Read more about the exhibition [here]. Join the event on facebook here
3:30pm - Guided tour of The Schizophrenic Bomb, with Printed Matter Executive Director Max Schumann and Uranian Phalanstery Director Medi Matin.
4:30pm - Conversation
Wine reception to follow
Participant Bios
Melissa Rachleff Burtt Melissa Rachleff Burtt spent 8 years as a program officer at the New York State Council on the Arts from 1999-2007. Previously, Rachleff Burtt was associate curator at Exit Art and head of adult and community programs at the Brooklyn Museum. She has written on the subject of photography, art, and art management for a variety of publications. Ms. Rachleff Burtt received her B.S. degree in Art and Design from Drexel University, and is an alumna of the NYU/ICP MA Program at Art and Art Professions program. She is the curator for the current exhibit at the Grey Art Gallery, “Inventing Downtown: Artist Run Galleries 1952-1965” (on view until April 1).
Marcus Ratliff A native of Cincinnati, Marcus Ratliff moved to New York City in 1956 to attend Cooper Union. He befriended pop artists Jim Dine, Claes Oldenburg, Tom Wesselmann and Red Grooms. In 1959, while living at the Judson Student House on Washington Square, Ratliff started the Judson Gallery, where he organized some of the first exhibitions for artists like Oldenburg and Wesselmann. In the 1960s, he built a graphic design studio in the city that made books and catalogs for clients such as Leo Castello, The Museum of Modern Art, P.S. 1, Whitney Museum of Art, The Hudson River Museum, and more. His design practice has flourished since, and in 2008, he moved to Vermont and now makes art “without assignment.”

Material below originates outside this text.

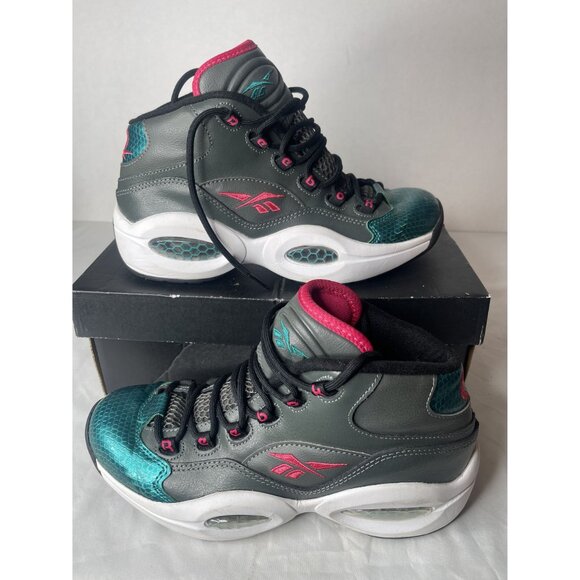 Reebok Question Mid Leather Size 7 Iverson Gray/Teal/Pink Basketball M41519 NICE main image 4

Peter Schumann Peter Schumann (born 1934) is the founder and director of the Bread & Puppet Theater. Born in Silesia, he was a sculptor and dancer in Germany before moving to the United States in 1961. In 1963 he founded Bread & Puppet in New York City, and in 1970 moved to the Northeast Kingdom of Vermont, eventually settling in Glover, Vermont where the company still performs. Schumann’s best known work is the Domestic Resurrection Circus, performed annually by the Bread and Puppet Theater until 1998.
Elka Schumann Elka Schumann was born in Magnitogorsk in the Ural Mountains of the Soviet Union. In 1941, she and her family left the USSR to escape the Nazi invasion, relocating to the United States. Elka later studied Art History at Bryn Mawr College. In the late 1950s, she met and married Peter Schumann in Germany, and in 1963, the couple founded the Bread and Puppet Theater, a globally-recognized experimental and political puppet theater company, in New York City’s Lower East Side. In 1970, Elka and Peter moved the theater to a former dairy farm in Vermont, where it continues today.
Stephen Savoris Stephen Savoris met Richard Tyler at the age of 20, is a long-standing member of the Uranian Plalanstery. He works as a furniture-maker and splits his time between Germantown, New York, and Nova Scotia with his wife Lynn Polidoro.
Lynn Polidoro Lynn Polidoro met Richard Tyler at the age of 17, is a long-standing member of the Uranian Plalanstery. She works as an English teacher and splits her time between Germantown, New York, and Nova Scotia with her husband Stephen Savoris.